The physical addess space is where all memory and most IO resources are located. PCI memory bars, PCI MMIO bars, platform devices like lapic, io-apic, hpet, tpm, ...

On your linux machine you can use lscpu to see the size of the physical address space:

$ lscpu
Architecture:            x86_64
  CPU op-mode(s):        32-bit, 64-bit
  Address sizes:         39 bits physical, 48 bits virtual
                         ^^^^^^^^^^^^^^^^
[ ... ]

In /proc/iomem you can see how the address space is used. Note that the actual addresses are only shown to root.

The physical address space problem on x86_64

The very first x86_64 processor (AMD Opteron) shipped with a physical address space of 40 bits (aka one TeraByte).
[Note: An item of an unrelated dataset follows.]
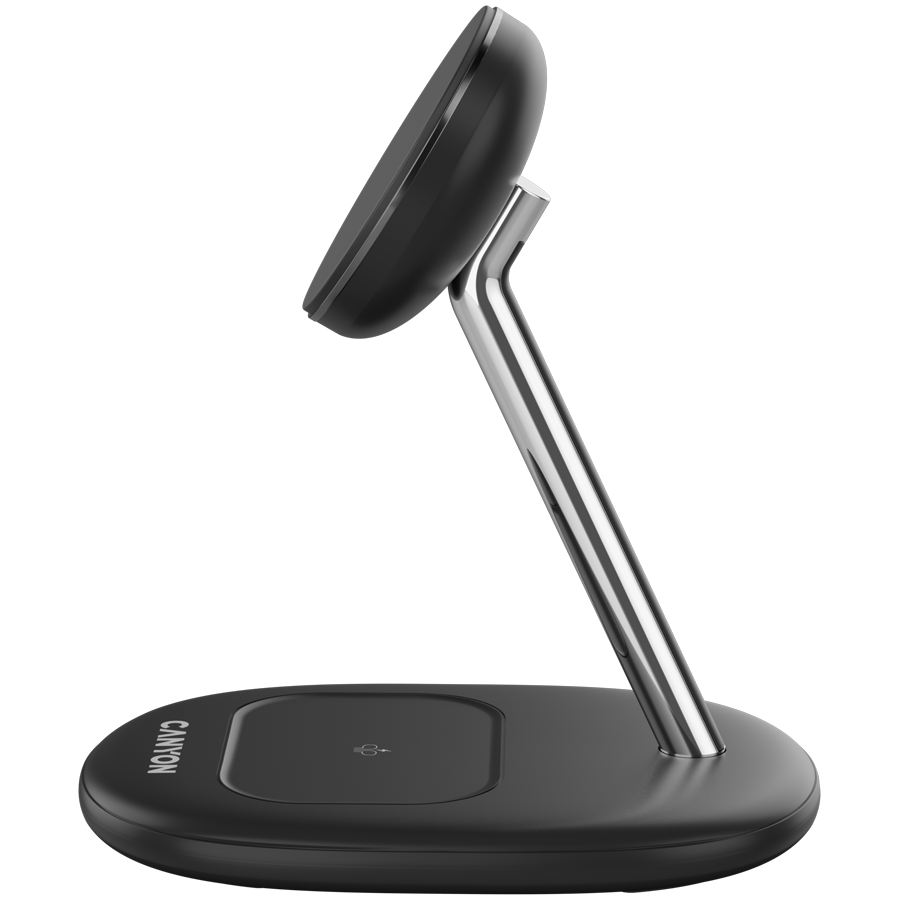 CANYON wireless charger WCS-205 15W Qi2 2in1 Black - Image 5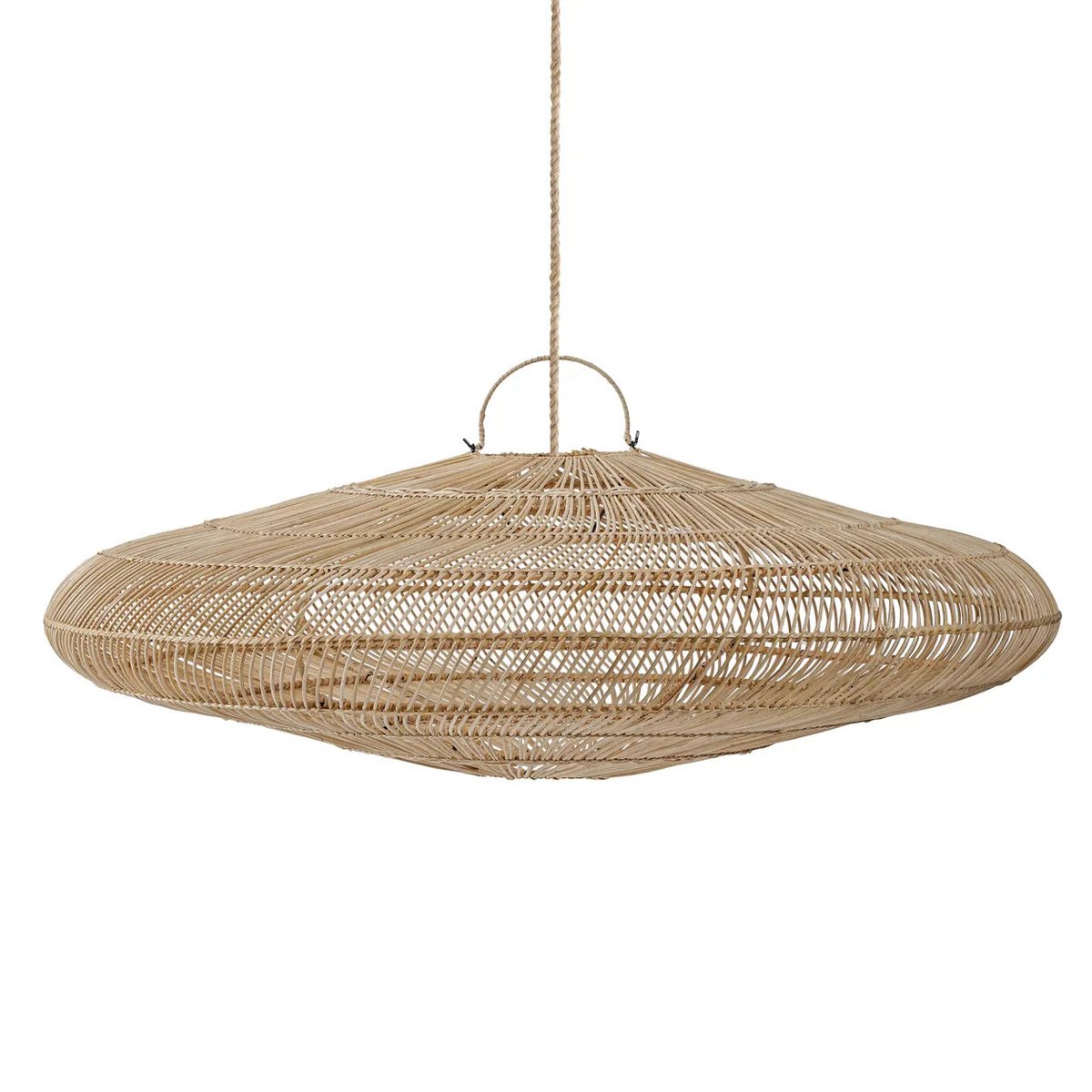 Bazar Bizar - Lampe suspendue 'Macaron' (Naturel, XL)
So when qemu added support for the (back then) new architecture the qemu vcpu likewise got 40 bits of physical address space, probably assuming that this would be a safe baseline. It is still the default in qemu (version 8.1 as of today) for backward compatibility reasons.

Enter Intel. The first 64-bit processors shipped by Intel featured only 36 bits of physical address space. More recent Intel processors have 39, 42 or more physical address bits. Problem is this limit applies not only to the real physical addess space, but also to Extended Page Tables (EPT). Which means the physical address space of virtual machines is limited too.

So, the problem is the virtual machine firmware does not know how much physical address space it actually has. When checking CPUID it gets back 40 bits, but it could very well be it actually has only 36 bits.

Traditional firmware behavior

To address that problem the virtual machine firmware was very conservative with address space usage, to avoid crossing the unknown limit.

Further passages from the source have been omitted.